Patients with alcoholic liver disease, as reported by Walfish et al. (85), tend to have low serum T3 levels, slightly reduced T4, and elevated FT4 Index because of low binding proteins. These changes were associated with increased mortality. In chronic biliary cirrhosis and chronic active hepatitis, as studied by Liewendahl (86), elevated TBG may be found associated with normal free T3 and free T4 levels. Chopra et al. (87) studied patients with hepatic cirrhosis and found free T4 to be significantly elevated, T3 to be markedly reduced, free T3 to be low, and TSH tended to be slightly above normal. Assessment of a variety of clinical parameters suggested that the patients were euthyroid. The authors conclude that, in this instance, euthyroidism is maintained by the high normal or slightly elevated serum free T4 levels. It should be noted that the mean free T4 levels in the patients studied by Chopra was 3.9 ng/100 ml, which falls well within the range of normal given by the authors of 1.8 - 4.2 ng/dl, and is not characteristic of NTIS. It is probable that some of the distinctive effects of liver disease on thyroid hormone economy are due to changes in synthesis of TBG, possibly the effect of hyper-estrogenism, and probably reduced deiodination of T4 to T3 in the liver.

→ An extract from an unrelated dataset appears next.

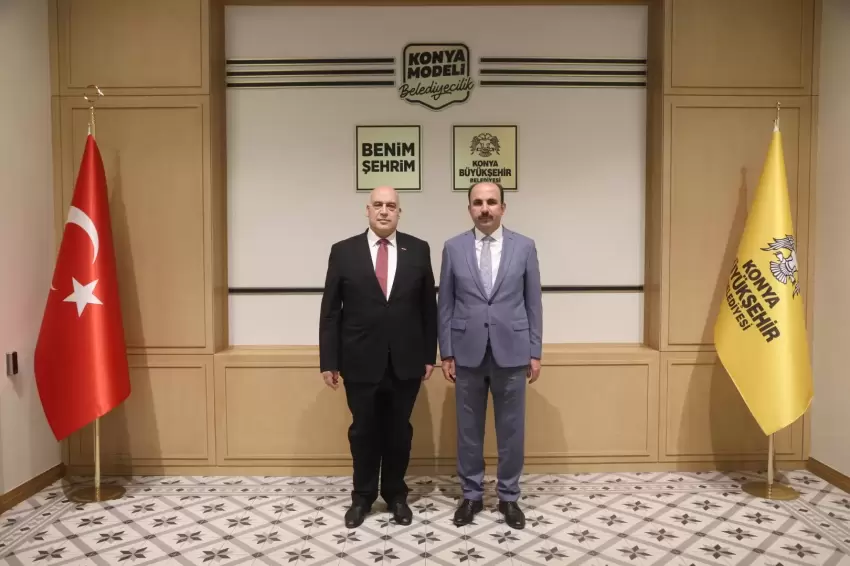 Filistin Büyükelçisi Konyada Başkan Altayla buluştu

Kaptein et al. (88) studied patients with acute renal failure (ARF) and found decreased serum T4 and T3, and normal or elevated levels of free T4 and TSH in patients with ARF but not critical illness. In this group of patients, reverse T3 levels tend to be normal. Ramirez et al. (89) studied patients on chronic hemodialysis and found a striking prevalence of goiter (58%), low serum thyroxine and T3, and TSH. TRH caused an increase of serum TSH and T3 levels, suggesting a suppression of pituitary function in these patients. Lim and co-workers (90) studied the thyroid hormone supply in a uremic rat model and found changes similar to those seen in uremic man, including a low serum T3, low serum T4, low serum TSH, and low liver T3 content. Triiodothyronine treatment of the animals increased low liver enzyme activity, and the authors conclude that the reduction in liver T3 content in the uremic rat, and the low enzyme activity, indicates hypothyroidism. T3 nuclear receptor binding capacity was also reduced in the uremic rat livers. Further studies found that pituitary T3 content was normal. Thus they hypothesize that pituitary type 2 deiodinase maintains an adequate level of T3 so that the pituitary is "euthyroid", while the rest of the body is "hypothyroid". In further studies, they presented data that intrapituitary T4 T3 deiodination is selectively increased in these animals (69). Not surprisingly, administration of 0.8 g T3/kg daily to uremic men increased nitrogen excretion, from increased protein catabolism (91). Presumably this is evidence for repair of hypothyroidism, and, if it represents a significant problem, could be covered by increased protein intake.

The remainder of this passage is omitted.